When one thinks of economic inequality, they may think of Jeff Bezos or Elon Musk with their ungodly billions of dollars. They are the “one percent,” and if we simply taxed them, then we would solve our inequality problems. This narrative is compelling — think “We are the 99 percent”— but it is flawed.

Anti-“one percent” rhetoric overlooks a much more grave inequality — namely, the inequality created by the top 20 percent. In 2017, Brookings fellow Richard V. Reeves wrote the book “Dream Hoarders,” about how the “upper middle class,” or the top quintile, has seen its income and wealth skyrocket compared to the rest of the population over the past 50 years. While America as a whole got more prosperous, the relative upward mobility of Americans has fallen. The primary reason is “opportunity hoarding” — or what the upper middle class has done to perpetuate its status — starting with where people live.

The most likely indicator of someone’s health and overall livelihood is the ZIP code they grow up in. In cities such as LA, people are often barred from building lower-cost apartments. Of the land in LA that is zoned for residential housing, a full 75 percent is exclusively for higher-cost, single-family homes with a minimum lot size of 5,000 square feet — banishing working class people from much of the city.

America’s first major zoning laws restricting residential density were designed to exclude minorities from areas with opportunity. Through zoning, we have enriched those who were lucky enough to get in early and those who are able to afford outrageous costs of living. Exclusionary zoning is exacerbated by federal tax laws such as the mortgage interest deduction, property tax deductions and the untaxing of imputed rent, as well as the smorgasbord of local and state property tax laws such as Prop 13, the latter of which disproportionately benefits whiter, richer and older homeowners. The net effect of these laws is to not only drive up housing costs (as was found by Ed Glaeser and Joseph Gyourko in 2002), but also to hoard wealth and opportunity by preventing others from working and living in our great cities.

In January 2022, the Southern California Association of Governments (SCAG) voted to support a proposed initiative known as “Our Neighborhood Voices which would have repealed state laws such as SB 9 that lifted some of the most egregious zoning restrictions. SCAG viewed the initiative as protecting cities’ “local control” — a codeword for the ability to hoard wealth and opportunity for their affluent residents through exclusionary zoning that essentially encases cities in amber. SCAG and the supporters of the initiative coated these exclusionary impulses in social justice language, claiming that laws that enforced cities’ mandates to build affordable housing, protect the environment and allow multi-family housing type somehow hurt lower class people — who, by the way, are excluded through zoning from many of the very municipalities making those arguments.

The reason I write this piece is that, like many at this college, my family is part of the upper middle class. My home region of the San Francisco Bay Area is one of the wealthiest and most prosperous regions in not only the country but the entire world. And, the Bay Area is zoned 85 percent for single-family homes exclusively, boasting some of the highest home prices in the country. This issue is personal to me, and probably to you.

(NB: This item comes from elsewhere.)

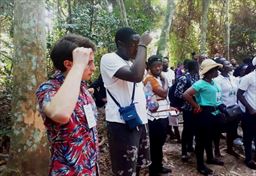 Visitors feeling the heat and humidity in Ghana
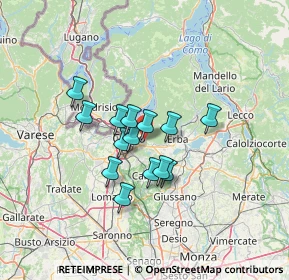 Mappa Via Monte Grappa, 22038 Tavernerio CO, Italia (9.505)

It is incumbent on us in the “upper middle class” to examine opportunity hoarding in our own lives. For example, consider this very college — Oxy prides itself on providing a liberal arts education that gives students breadth and depth in their studies. However, there is a flip side: the college maintains an air of exclusivity through low enrollment and legacy preferences. There may be legitimate reasons for this system, but is the denial of opportunity to 500 more students per year worth it for the “small school feel”? It is up to the college to decide, of course, but I personally don’t think so.

Opportunity hoarding is pervasive because we can’t see what might happen otherwise — no one thinks that their individual action of opposing an apartment building exacerbates inequality, but the sum total very much does. The compounding effects of zoning laws are staggering. Chang-Tai Hsieh and Enrico Moretti found that zoning laws in NYC and the Bay Area alone reduced aggregate wages by trillions of dollars per year — if zoning laws in those regions were loosened slightly, workers would have made an average of $9,000 more in 2009, overwhelmingly benefitting lower-income people. Is it really worth sacrificing that much money to keep apartments out of certain neighborhoods?

If you live in an exclusive suburb, join your local Yes in My Backyard (YIMBY) group, or start one. Get involved in local politics — write to, talk to and protest your local elected officials so they understand that opportunity hoarding through zoning is unacceptable. The “upper middle class” may be the problem now, but it can be the solution.